* [DATA EXCERPT]
=====

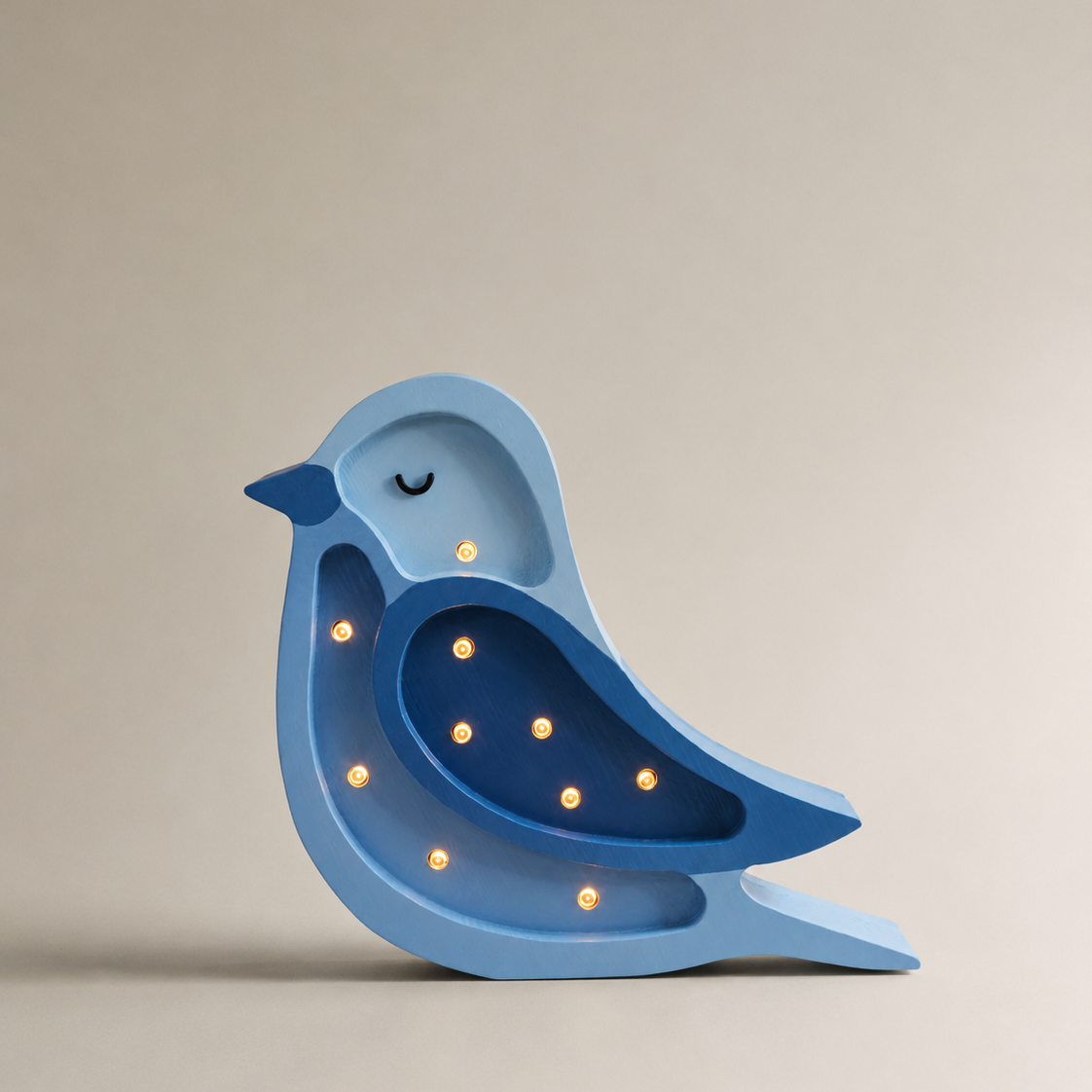 Little Lights Vogel Mini Nachtlicht | Denim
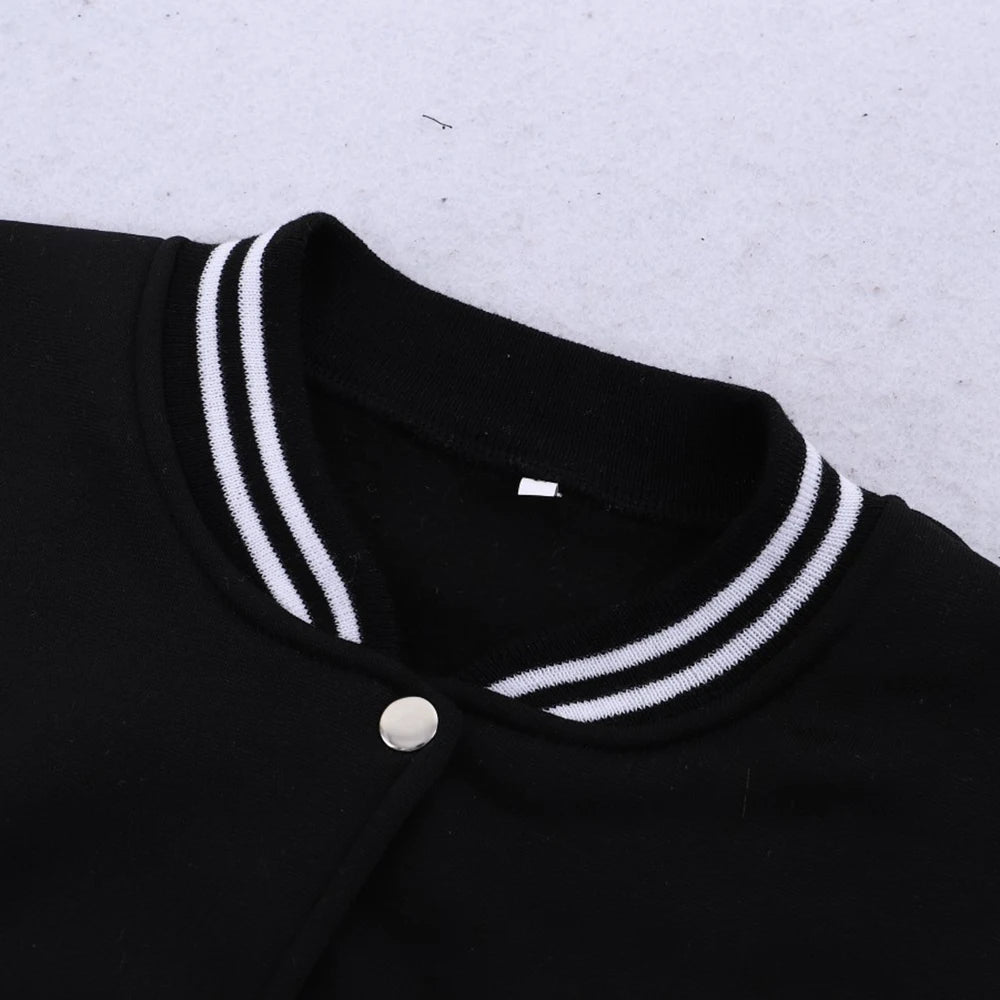 New York Art Letter 23 Printed Women Jacket Harajuku Fleece Baseball Jersey Button Personality Streetwear Vintage Loose Clothing 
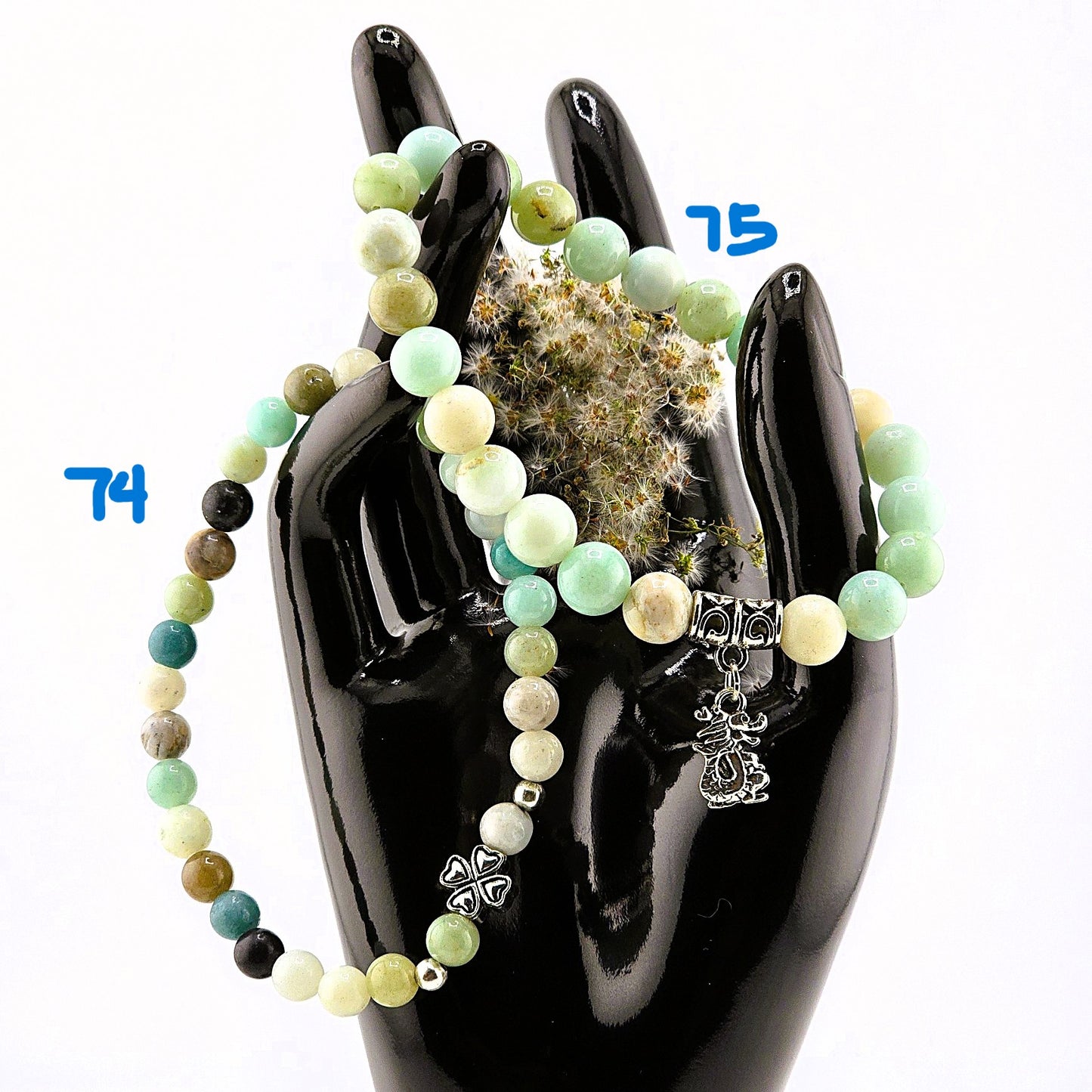 (Part 1) Balance your energy while wearing BEADED BRACLETS – With & Without Charm – Item B (Agate - Aventurine)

=====

* [PROMPT]
Where a picture appears in the listing above, skip it and set down all the rest exactly.

* [THE ANSWER]
 Little Lights Vogel Mini Nachtlicht | Denim
 New York Art Letter 23 Printed Women Jacket Harajuku Fleece Baseball Jersey Button Personality Streetwear Vintage Loose Clothing 
 (Part 1) Balance your energy while wearing BEADED BRACLETS – With & Without Charm – Item B (Agate - Aventurine)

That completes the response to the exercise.